◆ **Exercise prompt**:
Please write out the whole listing that follows exactly; the pictures stay out.

◆ **Recorded data**:
=== Section Start ===

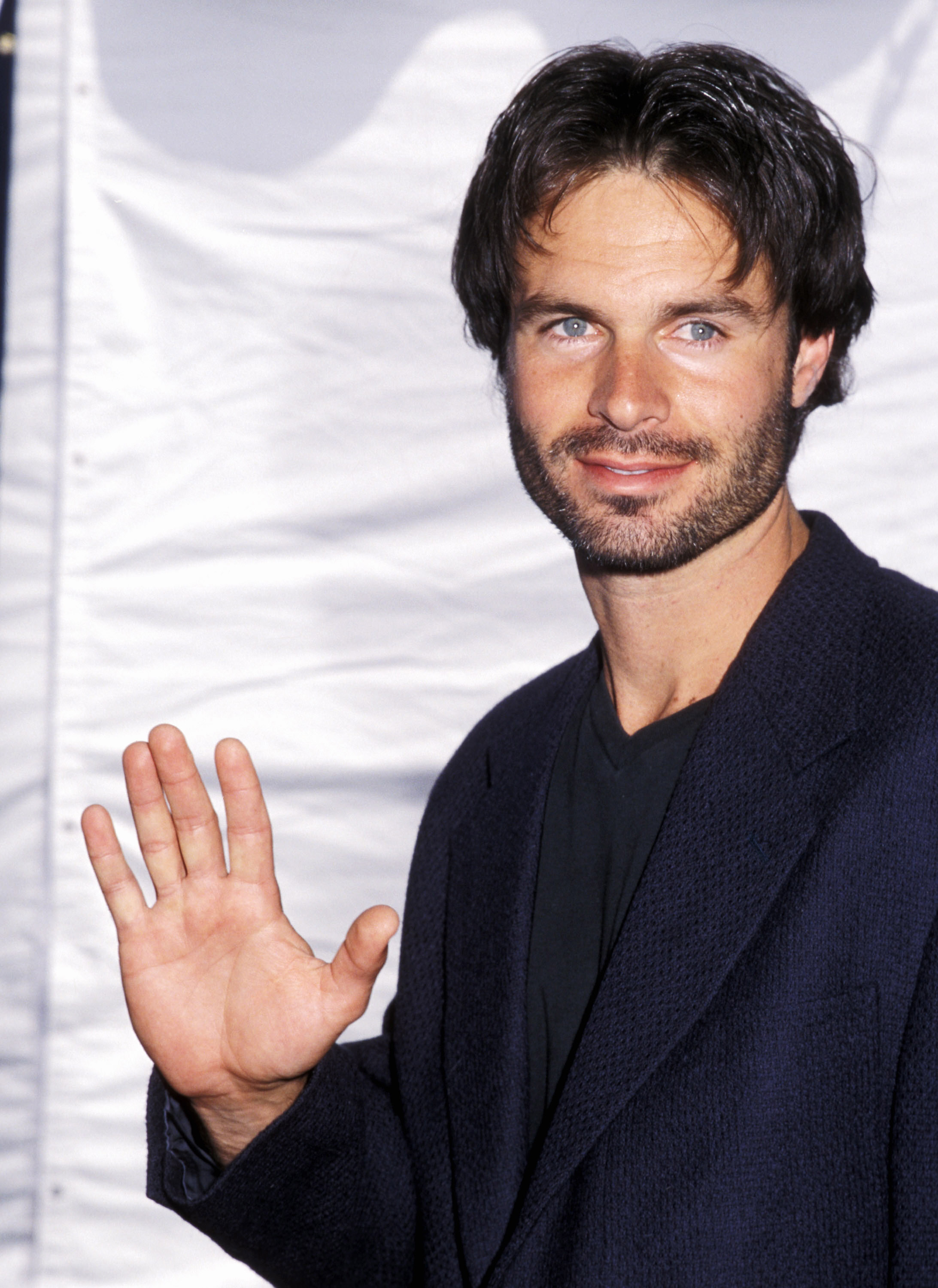 Patrick Muldoon attends the 15th Annual IFP/West Independent Spirit Awards at Santa Monica Beach on March 25, 2000, in Santa Monica, California | Source: Getty Images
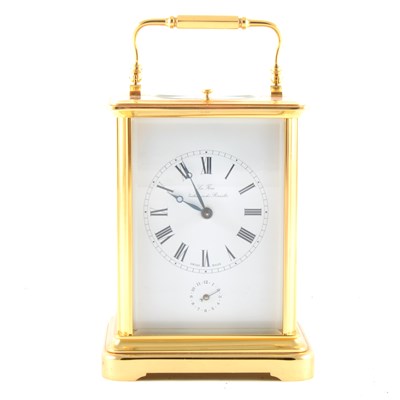 Lot 172 - An eight day reproduction carriage clock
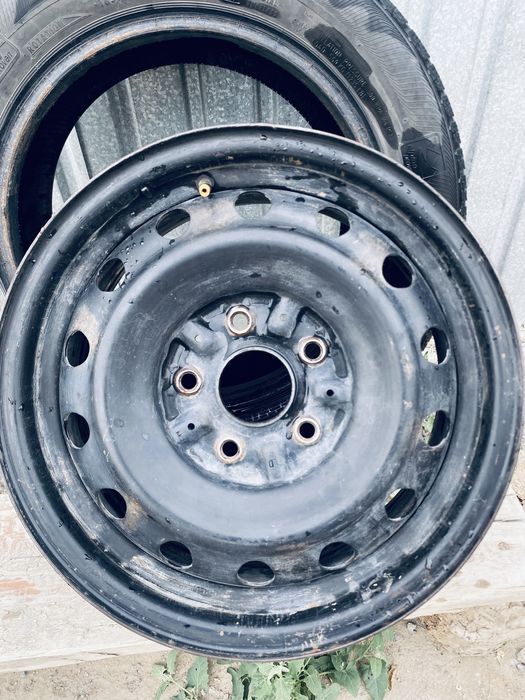 Автошина R 14 R 15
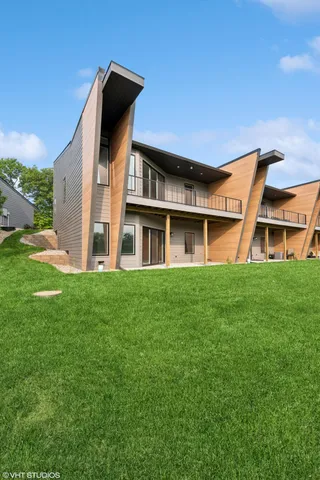 $579,900 | 190 Yard Perfect Drive, La Porte, IN 46350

=== Section End ===

◆ **Your solution**:
 Patrick Muldoon attends the 15th Annual IFP/West Independent Spirit Awards at Santa Monica Beach on March 25, 2000, in Santa Monica, California | Source: Getty Images
 Lot 172 - An eight day reproduction carriage clock
 Автошина R 14 R 15
 $579,900 | 190 Yard Perfect Drive, La Porte, IN 46350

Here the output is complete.